U.S. Treasury names Bank of New York Mellon and Robinhood to assist with Trump Accounts
According to the announcement, BNY will help manage the initial accounts and also participate in developing a dedicated Trump Accounts App. The app is positioned as a “white-label” product, designed and operated under government leadership, emphasizing security and ease of use so that families can conveniently check and manage account assets. The official statement notes that overall control of the entire system will remain with the Treasury, including account operations and platform governance, to ensure public funds operate under strict regulation.
Under the partnership structure, BNY has already established a partnership with Robinhood, and the latter will serve as the broker and initial trustee for Trump Accounts. In addition, the interface design will be handled jointly by National Design Studio and Robinhood, emphasizing the creation of an intuitive user experience so that families can enter the capital markets with a low barrier to entry. Overall, the structure indicates that this program is not a single government initiative, but rather a cross-industry collaboration combining a bank, a broker, and a design team.
The Treasury also emphasized that this action is based on its long-standing statutory authority to appoint “financial agents,” enabling it to designate qualified financial institutions to represent the government in providing financial services in the capacity of trustee.

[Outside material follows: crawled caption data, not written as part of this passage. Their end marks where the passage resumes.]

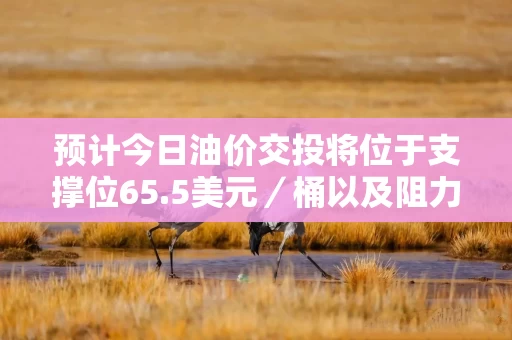预计今日油价交投将位于支撑位65.5美元／桶以及阻力位67.5美元／桶之间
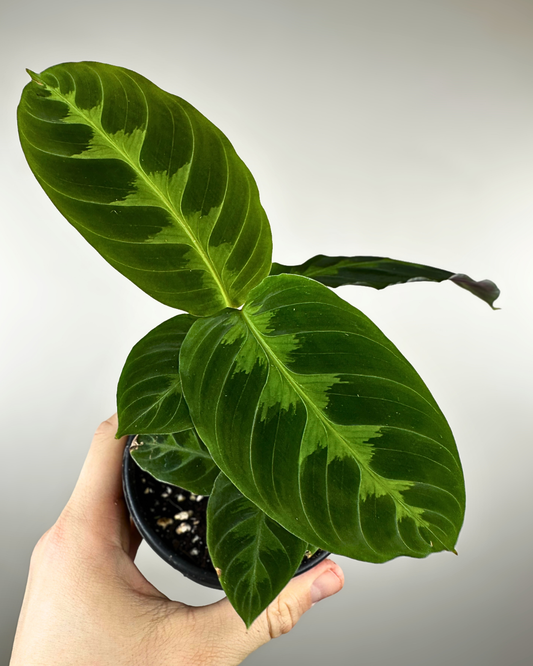 Feuilles veloutées vert foncé à motifs en chevrons de la Calathea warscewiczii
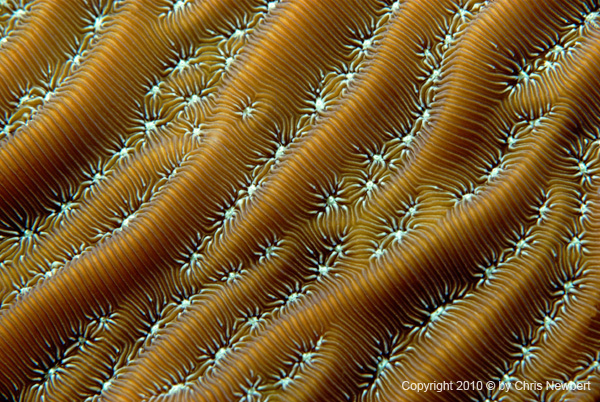 26-SEA267 Chris Newbert underwater photography for Voices of the Earth, custom interior design materials: furniture, fabric, tile, wall and ceiling coverings, waterwalls, light boxes and more
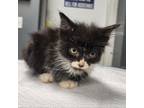 Adopt Victor a Domestic Medium Hair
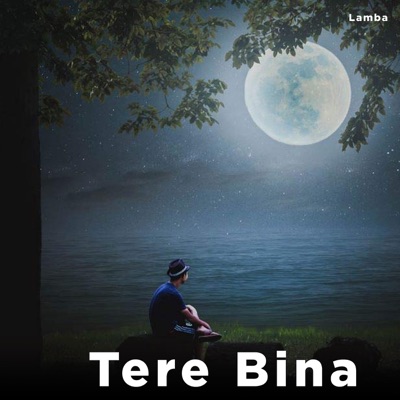 Tere Bina - Single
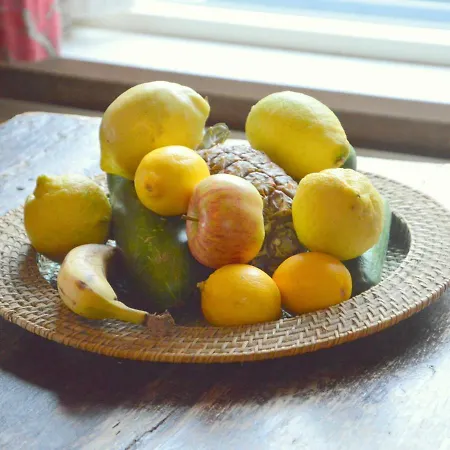 Quaint Mansion In With Terrace * Oploo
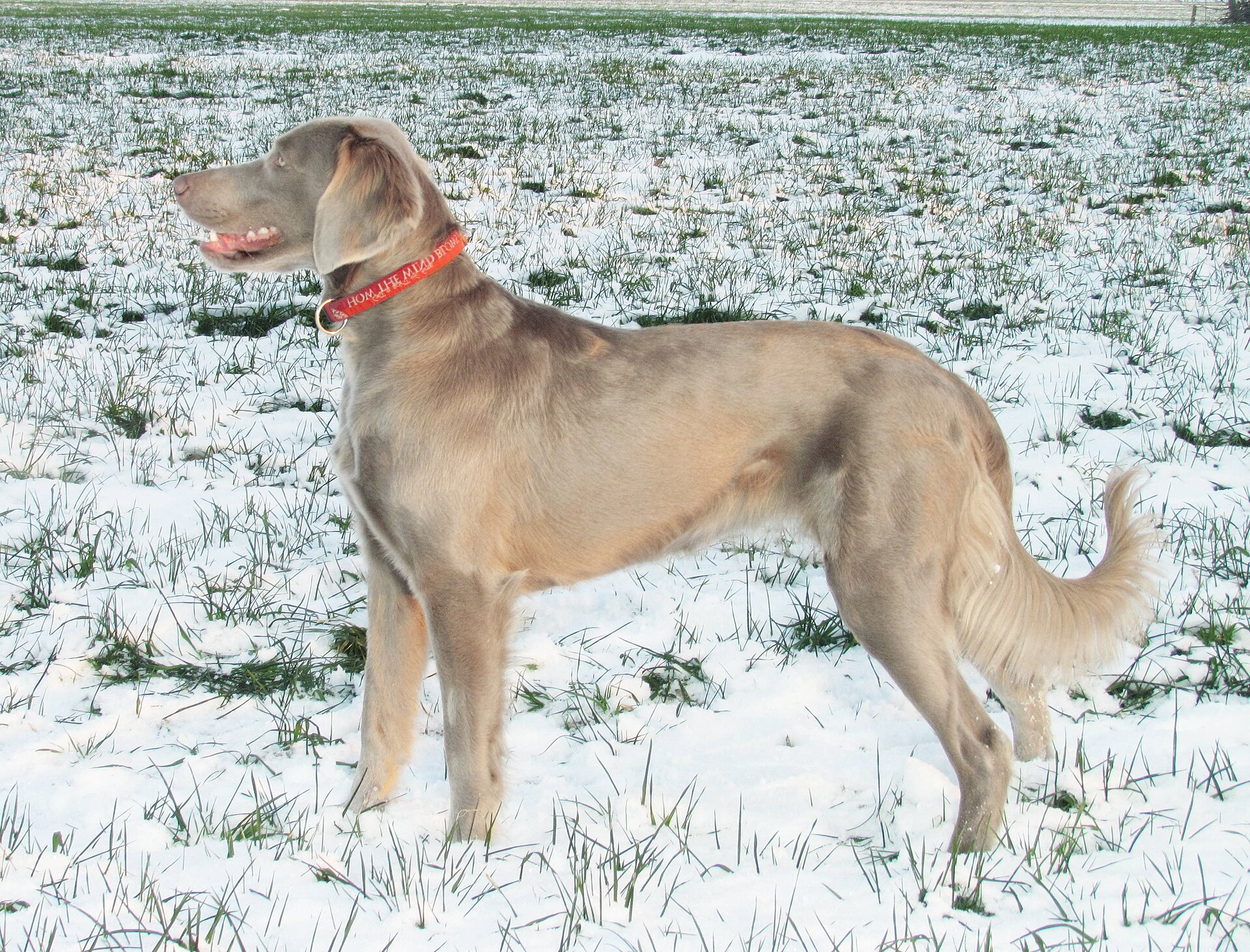 Abbildung zu Weimaraner (Vorstehhunde)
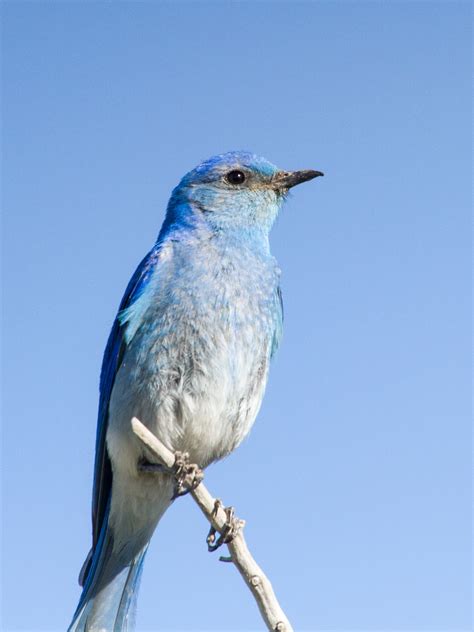 Slowing Down on the Bluebird Trail by Drew Weber | Nemesis Bird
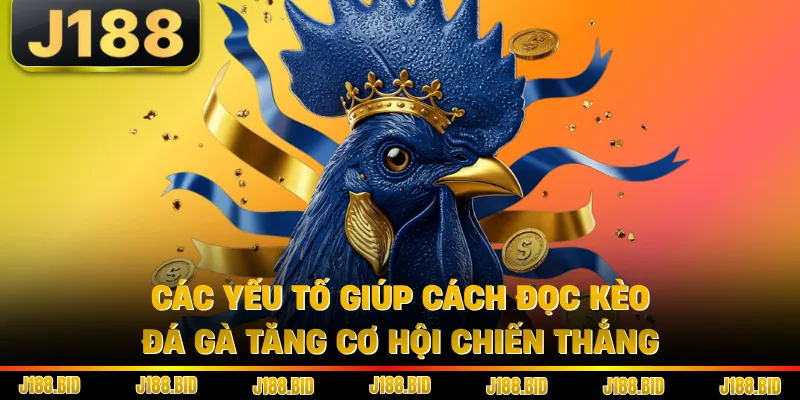 Các yếu tố giúp cách đọc kèo đá gà tăng cơ hội chiến thắng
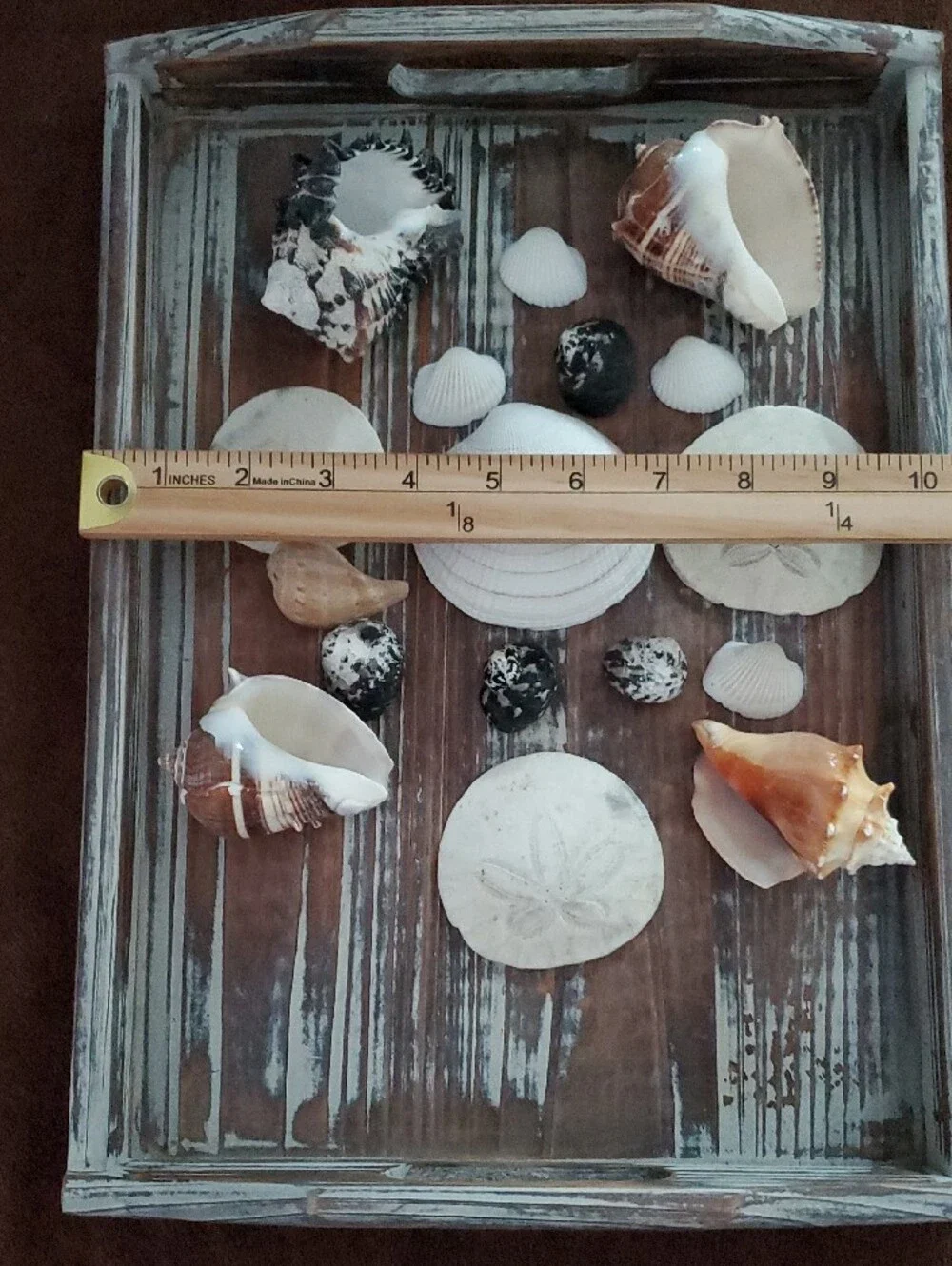 Natural Seashells Beach Coastal Decor Crafts Nautical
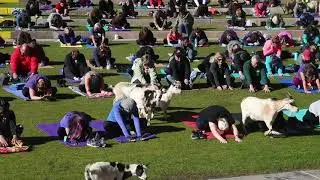 World Record Goat Yoga Class Held in Arizona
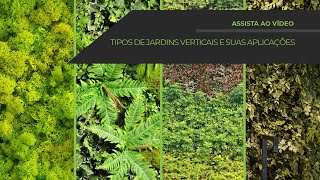 Jardins Verticais Como são Instalados e opções disponíveis Vertical Garden [upl. by Gautious]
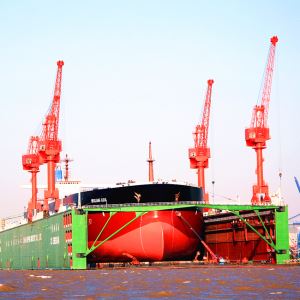 Customized Floating Dock Crane,shipyard JIB Crane and Shipbuilding Crane Manufacturer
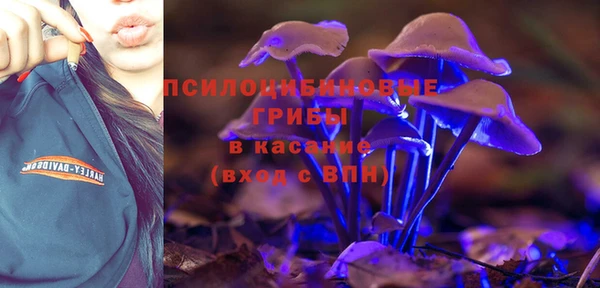 spice Богородск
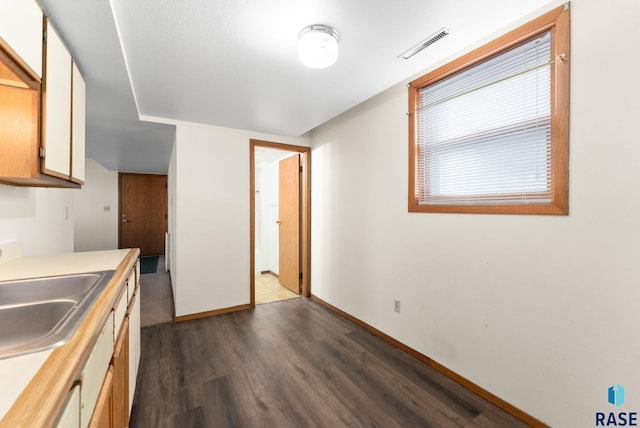 kitchen featuring sink and dark hardwood / wood-style flooring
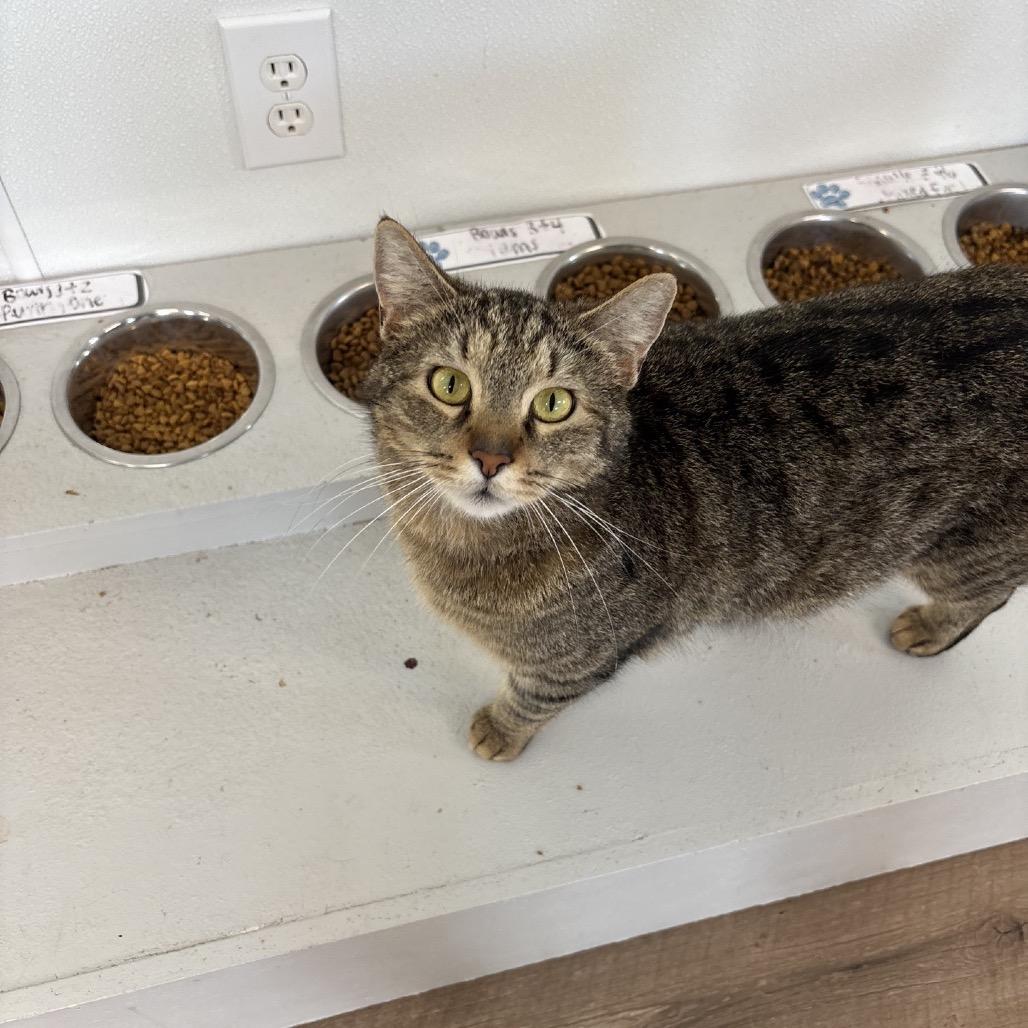 Enlarge Reign, a Adoptable Domestic Short Hair in Brownsboro, AL image 1/6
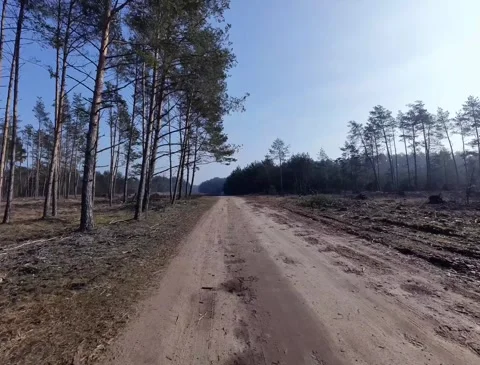 Dirty forest field road 2024 part1 Stock Footage 297633673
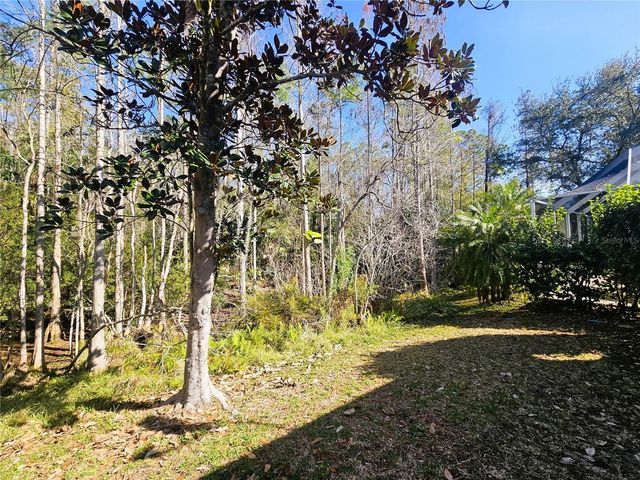 10441 GREENDALE DRIVE, Tampa, FL 33626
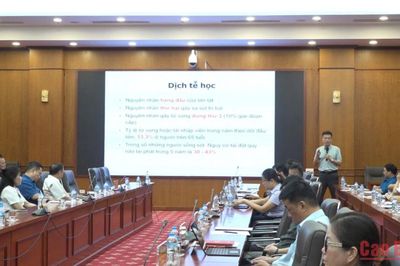 Hội thảo khoa học 'Cập nhật xu hướng mới và phối hợp đa chuyên khoa trong Phục hồi chức năng sau đột quỵ và chấn thương'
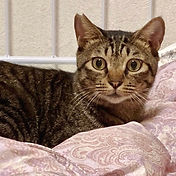 IMG_6156 2_edited.jpg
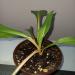 Sadnice - sobne biljke: HLOROFITUM-Chlorophytum orchidastrum Green Orange, slika3
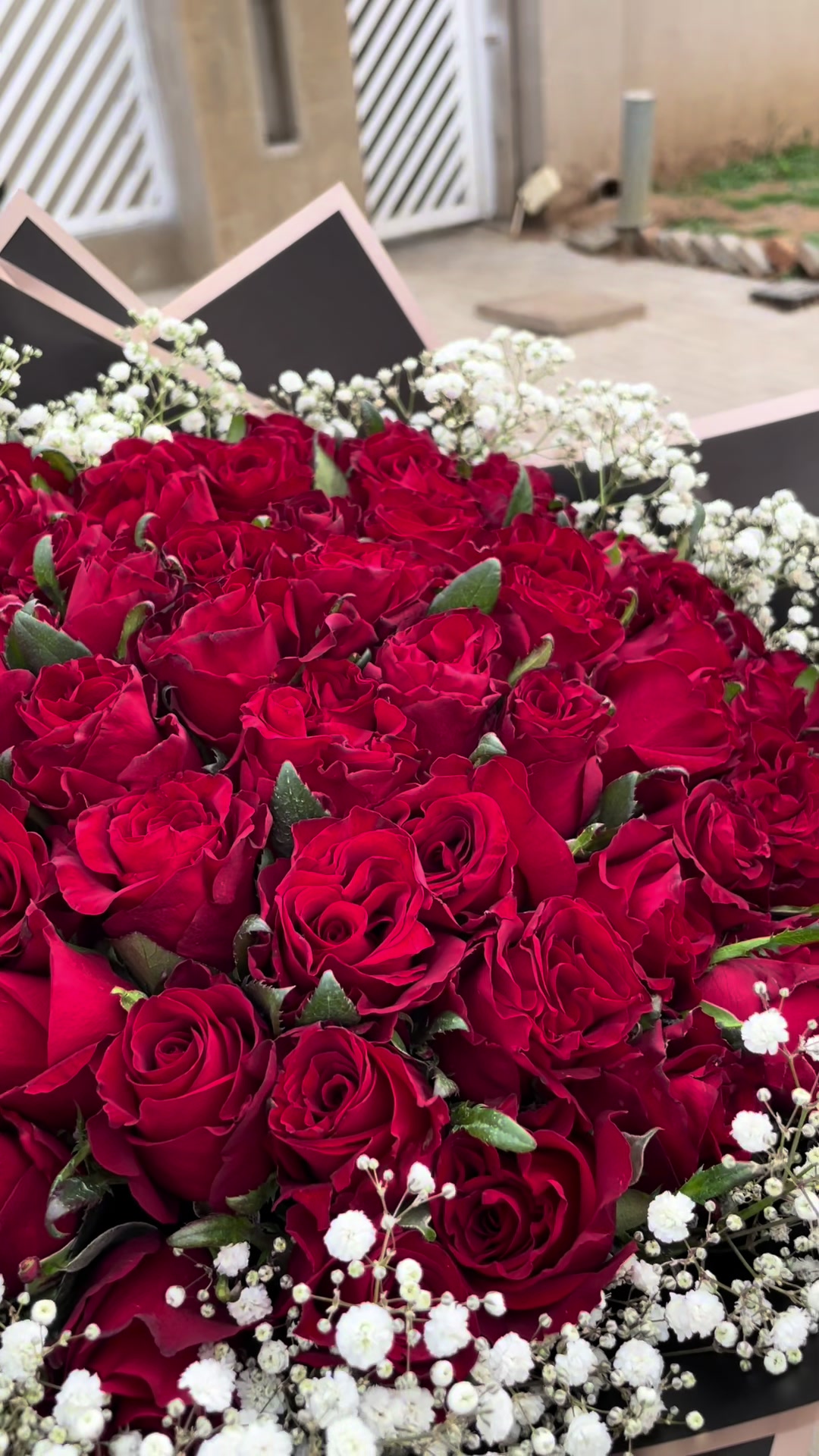 @Purely_Petals 🌺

The official statement says that all participating institutions must meet strict regulatory standards, performance requirements, and cybersecurity controls to ensure the safety of public funds and to protect government interests.
The government provides $1,000 to each newborn—under the system, there can be a million dollars at age 28
In terms of policy design, Trump Accounts is positioned as an investment account designed for U.S. citizens under 18. Under the current plan, the government will provide an initial investment amount of $1,000 for each newborn during the period from 2025 to 2028, and invest it directly into the market. After that, parents may contribute an additional maximum of $5,000 per year, and employers may also contribute an additional maximum of $2,500 for their employees’ children, with tax advantages.
Regarding investment targets, the policy sets clear restrictions: the funds must be invested in low-cost index funds or ETFs that track the U.S. stock market benchmark, and the management fee must not exceed 0.1% to ensure that the long-term compounding effect is not eroded by fees. This design is viewed as directly tying everyday people’s assets to the growth of the U.S. economy, enabling long-term wealth accumulation through capital markets.
The account mechanism is similar to an individual retirement account (IRA). In principle, the funds may not be accessed before age 18; after reaching adulthood, they can be converted into a long-term investment account to continue accumulating. If funds are withdrawn early, there may be restrictions or penalties, but there are exceptions for purposes such as education expenses and first-home purchases.
White House economic adviser-related estimates, assuming an annualized return rate of about 10%, suggest that the $1,000 provided by the government alone could grow to about $5,800 after 18 years. If households continue contributing the maximum amount each year, the asset size could potentially exceed $300,000 at age 18, and even reach a $1 million level by age 28—becoming a core selling point in the policy promotion.